If you’re like most people, you probably don’t start to have clear memories of childhood until you were somewhere between 3 and 5 years old. By now, though, when Baby is nearly a year old, they probably have favorite foods, favorite toys, and favorite songs, all of which have a hard time becoming favorites before they can remember them from day to day.
There’s a difference between short-term and long-term memory in the same way that there’s a difference between learning a new skill that you’ll know how to do later, and forming a narrative memory of learning that skill that you can describe later. Studies of the first kind of memory are easier to set up because infants don’t have the verbal skills to describe those narrative memories if they have them, because they don’t need to be tested for as long, and because not remembering one episode that’s part of a study is not the same as not remembering anything at all from childhood. If babies only have very selective long-term memories, there’s no way of ensuring that the memory that’s being tested will be one of the ones that stays.
Still, some long-term testing of young children’s long-term memories, or lack of them, which Freud called ‘infantile amnesia,’ has been the subject of some studies. A 2013 study at Emory University in Atlanta, for instance, looked at the fact that there seem to be several developmental drop-off points in children’s memories. At these points – around 3 and around 7 – many children seem to start to remember significantly less about things they’d remembered for years.
There are a few different theories about why this is. One of the first is the trouble of not really having any context for really early childhood memories. According to this theory, they’re there, but because children will never again see the world the way they did in the year or two of life, nothing is ever going to remind them of these memories. Or, relatedly, the idea that before children learn language, they have no way of developing their thoughts into narrative memories they can retrieve. This idea is supported by the fact that children from cultures that emphasize narrative thought processes, and children whose parents talk to them more about their lives, tend to have earlier first memories.

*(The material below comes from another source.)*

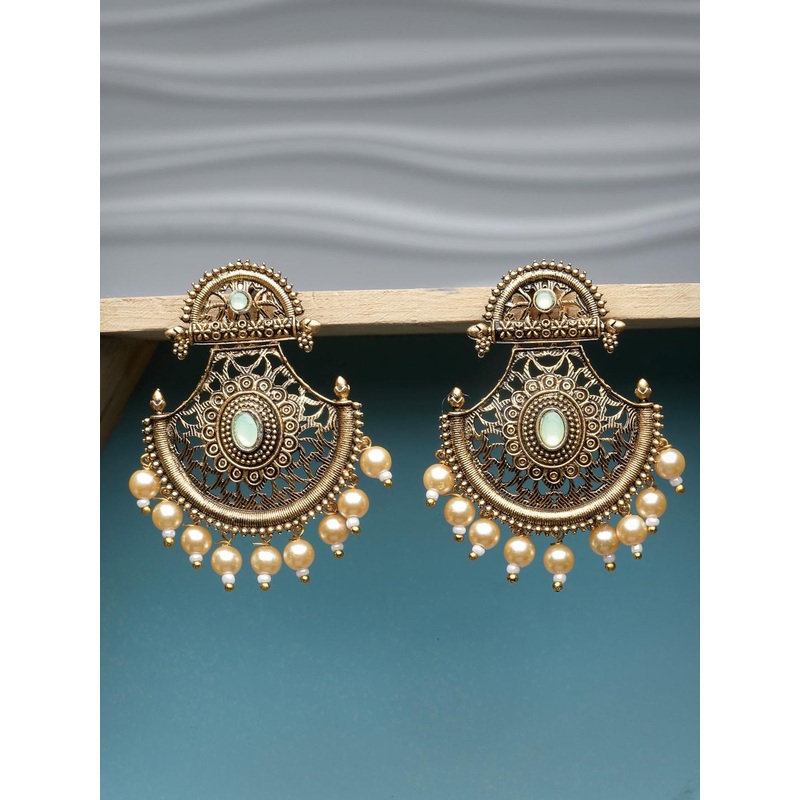 ADIVA Gold-Plated Contemporary Pearls Chandbalis Earrings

A second, related theory is that in the first few years of life, the brain is still developing, particularly the connection with the prefrontal cortex. The prefrontal cortex is where memories are stored, and while very young children might make as many memories as anyone else, they don’t usually have the neural structure to recall them until they’re a little older.
Whether either of these are true or not, though, it’s still true that many children do have first memories that trace back to before these drop-off points. Since pretty much all credible thinkers have moved past Freud’s idea that children are blocking out the inappropriately sexual thoughts they had in infancy, there’s also no reason to think earlier first memories aren’t a good thing. And it’s true that you, as Baby’s parent, do have an influence on when their long-term memory kicks in. Children whose parents start to talk (and listen!) to them about their recent memories at an early age are more likely to have earlier first memories. It’s also not all in your hands, as first memories also tend to be associated with strong positive or negative feelings, or with major events in young children’s lives.